Jizo is the Japanese name of one of the most popular bodhisattvas in Japan and is usually used in conjunction with the honorifics O and sama. Jizo statues are a familiar sight along roadsides in Japan. The Jizo bodhisattva originated in India and was introduced into Heian-period Japan from Tang China. Veriation of Jizo became at a time when the end of the world, epitomized by the Buddhist concept of mappo, was thought to be near. Because of the bodhisattva's vow to aid all those who suffer, Jizo quickly became popular among the court nobility and later the common people. It was believed that in the long, long period of time between Sakyamuni's death and the advent of Nyorai, the Buddha of the future, only Jizo remained to protect and save humanity.
Later, with the advent of Kamakura Buddhism, the nobility's veneration of Jizo began to wane, but the common people retained their faith, and figures of Jizo came to be placed at village boundaries, crossroads, and along roadsides. The fond appellation, Ojizo-sama, is believed to have taken hold around this time, particularly because Jizo was thought to have a special affinity for children.
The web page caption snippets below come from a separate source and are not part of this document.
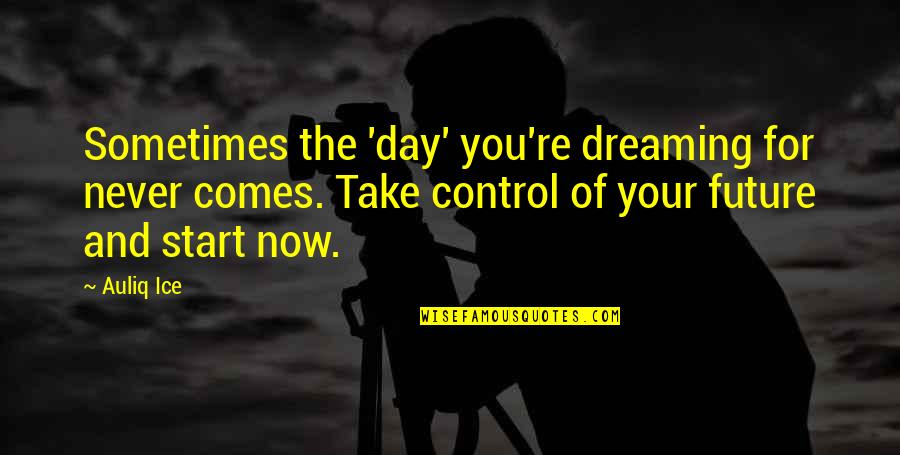 Control And Change Quotes By Auliq Ice: Sometimes the 'day' you're dreaming for never comes.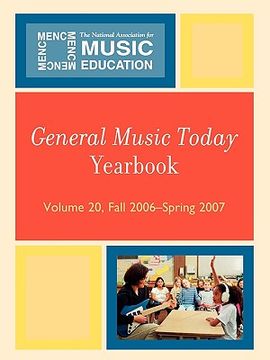portada general music today yearbook, volume 20: fall 2006 - spring 2007 (en Inglés)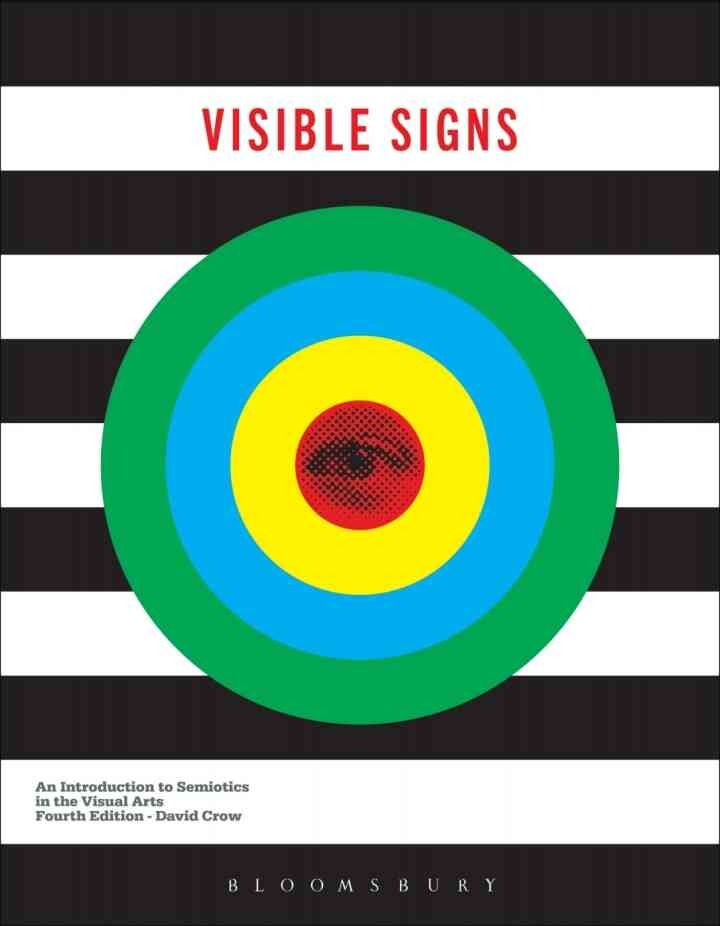 Visible Signs: An Introduction to Semiotics in the Visual Arts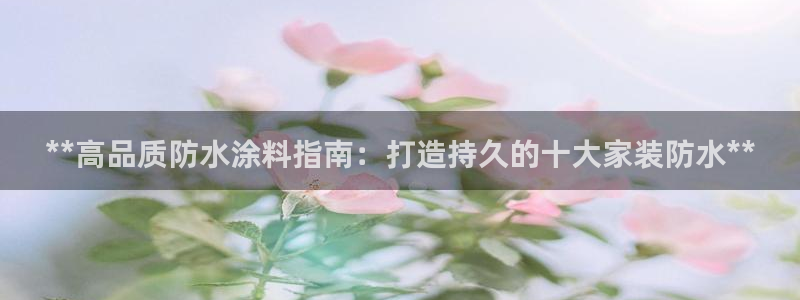和记国际开户：**高品质防水涂料指南：打造持久的十大家装防水**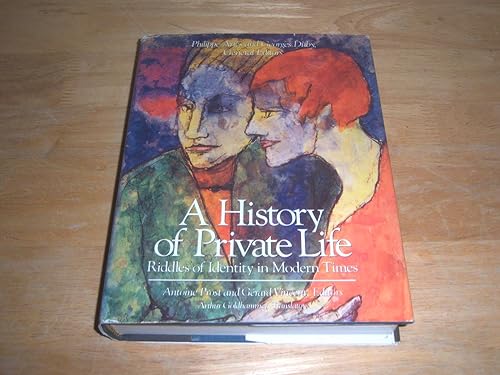 A History Of Private Life, V 5 – Riddles Of Identity In Modern Times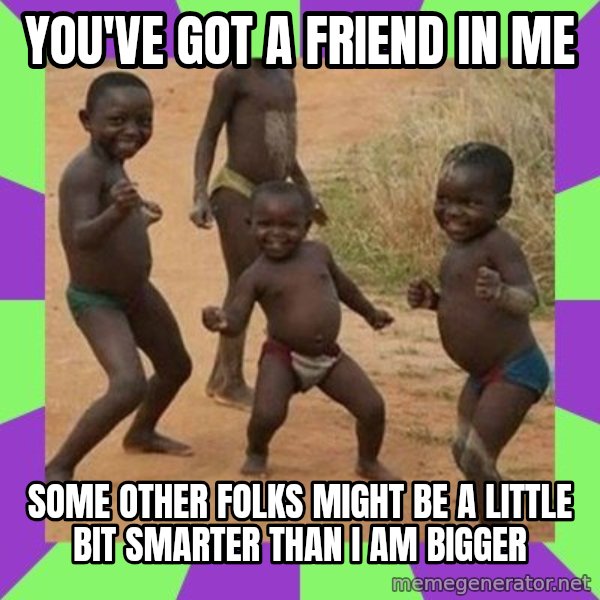 african kids dancing meme: You've got a friend in me / Some other folks might be A little bit smarter than I am Bigger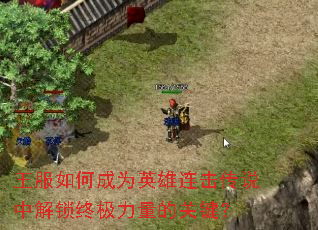 王服如何成为英雄连击传说中解锁终极力量的关键? 王服如何成为英雄连击传说中解锁终极力量的关键?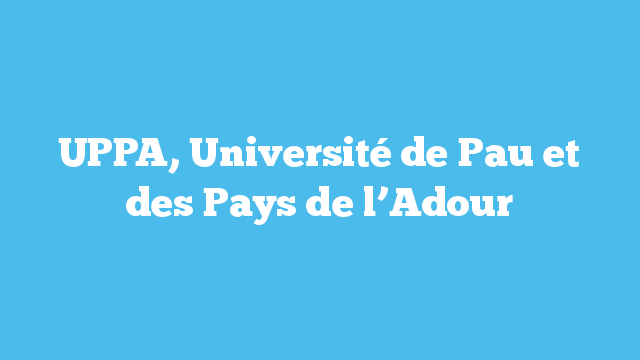 UPPA, Université de Pau et des Pays de l’Adour
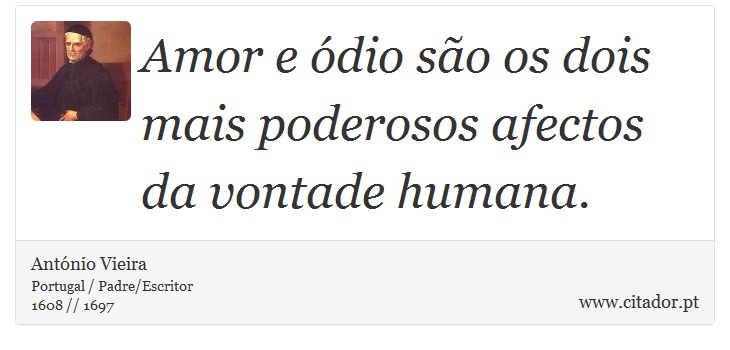 Amor e ódio são os dois mais poderosos afectos da vontade humana. - António Vieira - Frases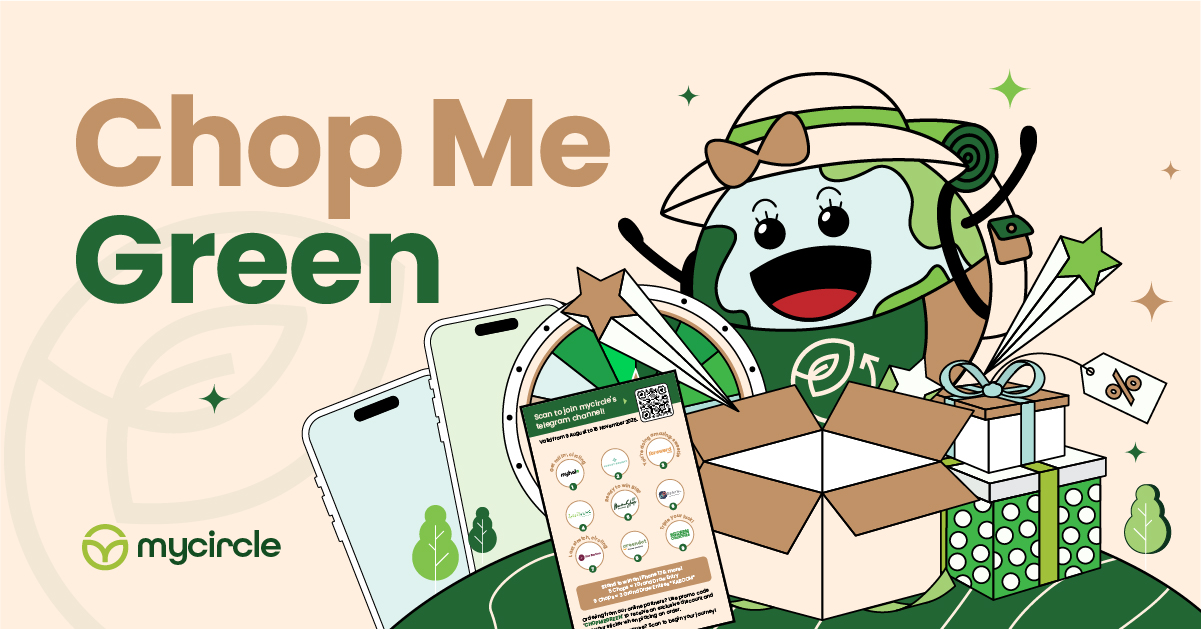 Sustainable Living in Singapore: Chop Me Green Campaign by mycircle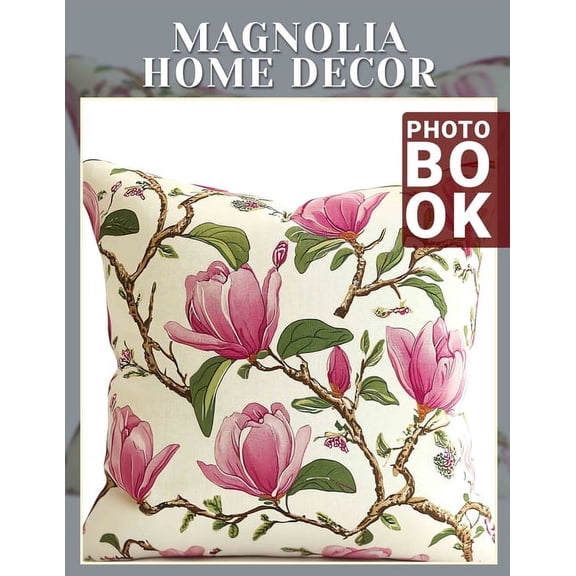 Magnolia Home Decor Photo Book: Stunning Collection Of Floral Inspiration For Home Design Lovers 40 Captivating Images, (Paperback)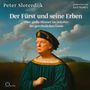 Texte: "Peter Sloterdijk", "Der Fürst und seine Erben", "Axel Wostry". Illustration: Mann im historischen Gewand vor Landschaft., 5 CDs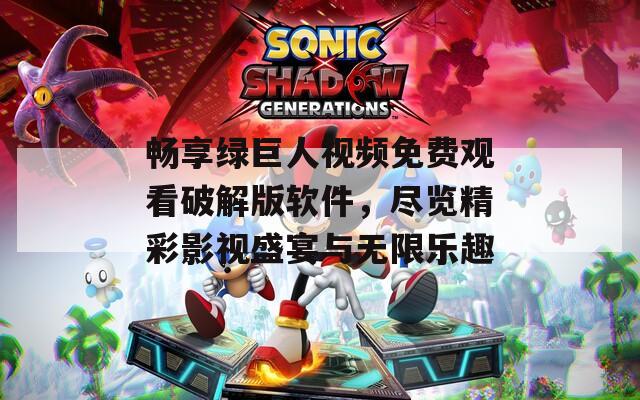 畅享绿巨人视频免费观看破解版软件，尽览精彩影视盛宴与无限乐趣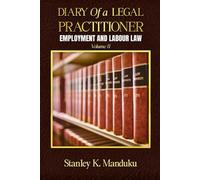 Diary of a Legal Practitioner: Employment and Labour Law Volume II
Figures of Jizo are often dressed with a bib. This practice is believed to have begun when grieving parents who had lost a child put the deceased child's bib on a Jizo statue in the hope that he would protect their child in the other world. Related to this is the custom of Jizo-bon, an event to commemorate Jizo as the protector of children, which began in Kyoto and spread to the surrounding Kinki region sometime in the Edo period(1603-1867). Jizo-bon is a time for children to honor Jizo, but it is also celebrated as a festival for children. There are more than 5,000 statues of Jizo in Kyoto alone.
Reference:Hayami Tasuku, Kannon, Jizo, Fudo. Kodansha, 1996.